In economics, a depression is a sustained, long downturn in one or more economies. It is more severe than a recession, which is seen as a normal downturn in the business cycle. Considered a rare and extreme form of recession, a depression is characterized by abnormal increases in unemployment, restriction of credit, shrinking output and investment, numerous bankruptcies, reduced amounts of trade and commerce, as well as highly volatile relative currency value fluctuations, mostly devaluations. Price deflation or hyperinflation are also common elements of a depression.
The most well-known depression is the Great Depression that affected most of the economies in the world throughout the 1930s. The depression began during the Wall Street Crash of 1929, and the crisis quickly spread to most national economies.Between the years of 1929 and 1933, GDP decreased by 33% and unemployment rates increased to 25%. The probable causes of the Great Depression include the loose money policies of the Federal Reserve and the misallocation of capital based on easy and inexpensive credit. A long-term effect of the Great Depression has been the departure of every major currency from the Gold Standard.
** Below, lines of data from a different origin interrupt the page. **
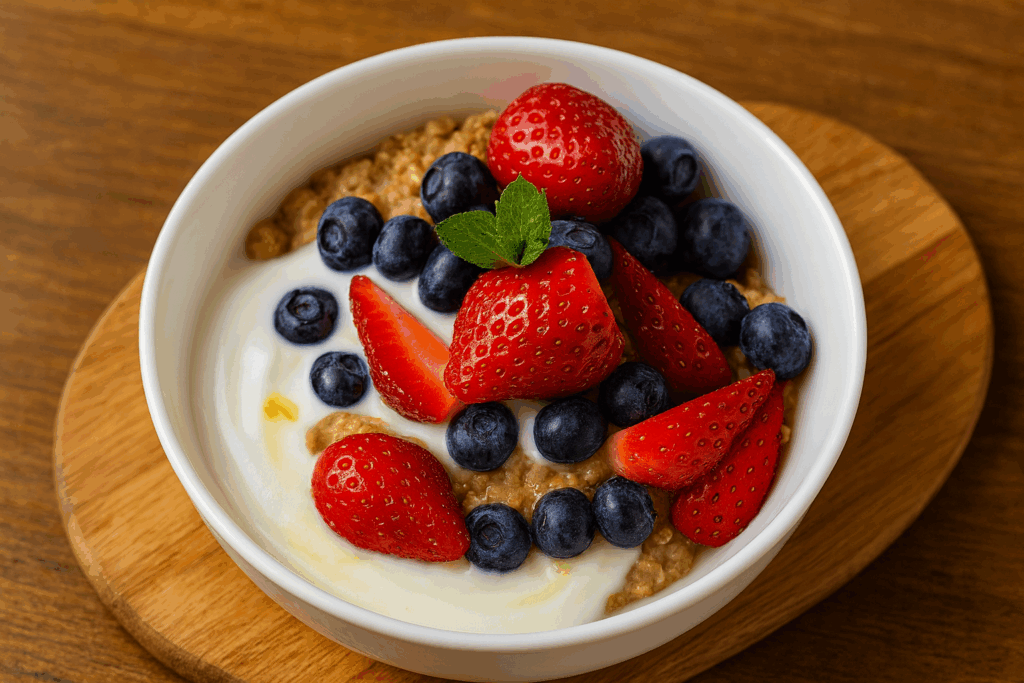 Porridge de coco keto con yogur y fruta: desayuno bajo en carbohidratos, cremoso y nutritivo, ideal para empezar el día con energía.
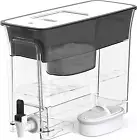 35-Cup Slim Water Filter Dispenser, Reduces Chlorine & PFOA, BPA Free, Black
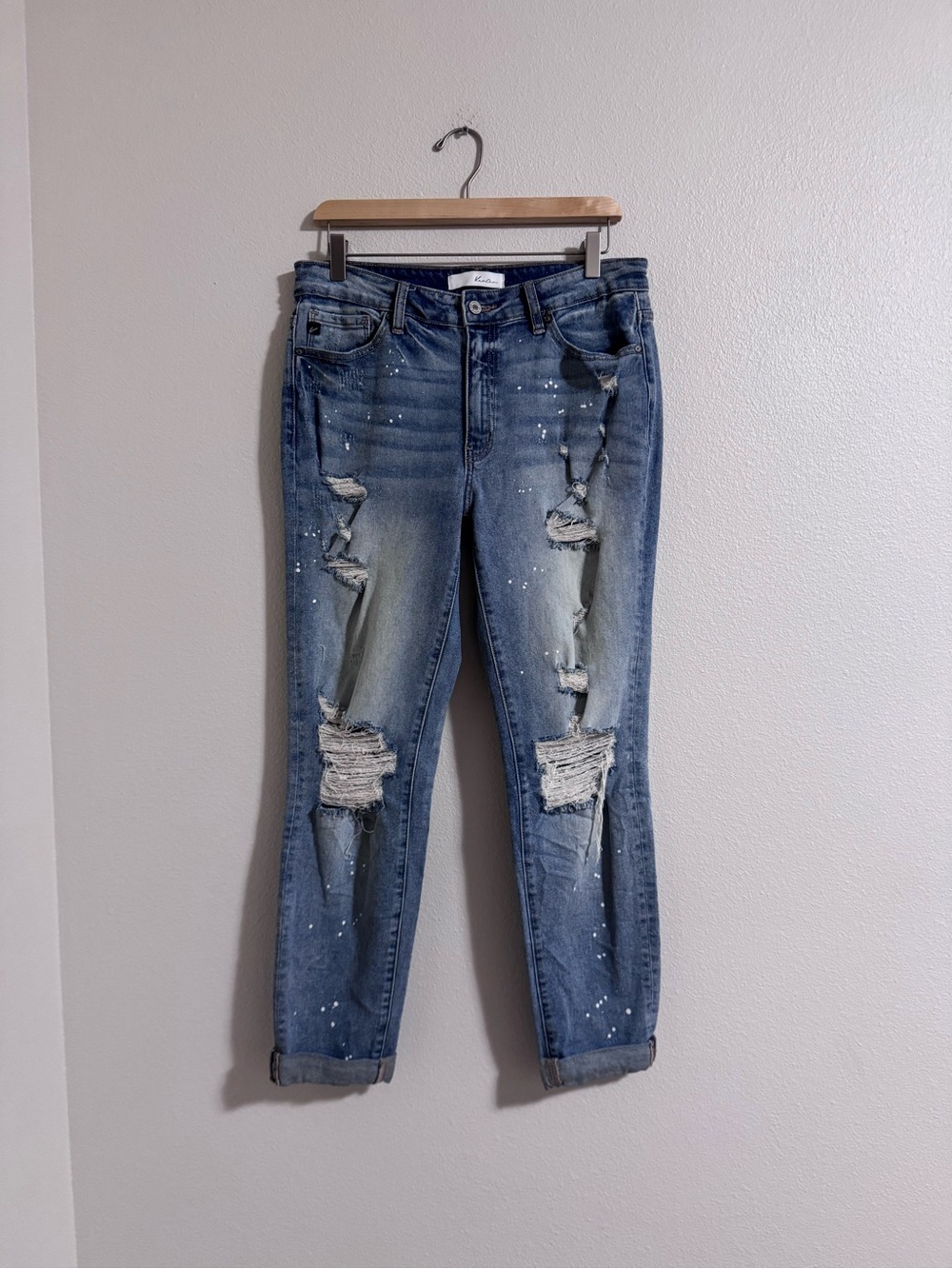 KanCan Blue Ripped Boyfriend Jeans with White Paint Dots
The Government of British India adopted a protective trade policy which, though beneficial to the United Kingdom, caused great damage to the Indian economy. During the period 19291937, exports and imports fell drastically crippling seaborne international trade. The railways and the agricultural sector were the most affected.
The United States of America was not affected, partly due to the fact that it had participated on the side of the victorious Allies and partly due to the fact that the American states were never under attack during the span of the war. As a result, the United States of America emerged as a financial superpower and the principal creditor to European countries.
The Treaty of Versailles and its conditions had impoverished Germany. Germany lost a lot due to its involvement in the war. The country now owed extremely high debts. However, contrary to expectations, Germany did not pay off their debt by exporting manufactured goods. Instead, Germany paid off its debts by borrowing from the United Kingdom. The United Kingdom, meanwhile, paid Germany by borrowing from the United States of America. This created a situation wherein all European countries became dependant on the United States of America. When the American stock market suffered its first crash on October 24, 1929, there was a dreadful psychological effect on the nation. America stopped providing loans to foreign countries, thereby leading to a global financial disaster.
India was one of the foremost suppliers of raw materials during the First World War. India provided large quantities of iron, steel and other material for the manufacture of arms and armaments. Manufacturing units were gradually established and for the first time, the British Raj adopted a policy of industrialization. India acted both as a supplier as well as a market for British goods in order to sustain Britain's wartime economy. When the war came to an end, the Montagu-Chelmsford reforms were enacted in order to provide certain concessions to Indians in return for their loyalty to the Empire during the war. In 1923, the British Raj offered government protection to nine industries posing them as a sincere bid to industrialize the economy. However, the measures appeared symbolic and were intended to finance and protect British enterprise as was evident from the fact that all the benefactors were British-run industries. At the onset of the Great Depression, as it had been always, much of India's imports were from the United Kingdom. On the eve of the First World War, India was the United Kingdom's single largest market with its exports to India at Rs. 730 million making up over one-sixth of the country's total exports. During the annual fiscal year 192829, the total revenue for the Government of India was Rs. 1,548 million.The total exports were valued at Rs. 3,390 million while imports were valued at Rs. 2,630 million.
International trade
International trade decreased a great deal. The imports fell by over 47% while the exports fell by over 49% between 1929 and 1932. Between 192829 and 193334, exports due to seaborne trade decreased by 55.75 % to Rs. 1.25 billion while imports decreased by 55.51% to Rs. 2.02 billion.
Consequences
The Great Depression had a terrible impact on the Indian farmer. While there was a steady, uninhibited increase in land rent, the value of the agricultural produce had come down to alarming levels. Therefore, having incurred heavy losses, the farmer was compelled to sell off gold and silver ornaments in his possession in order to pay the land rent and other taxes. By 1931, around 1600 ounces of gold were arriving everyday at the port of Bombay. This gold intake was transported to the United Kingdom to compensate for the low bullion prices in the country and thereby revitalize the British economy. United Kingdom was overjoyed as its economy recovered with gold and silver from India.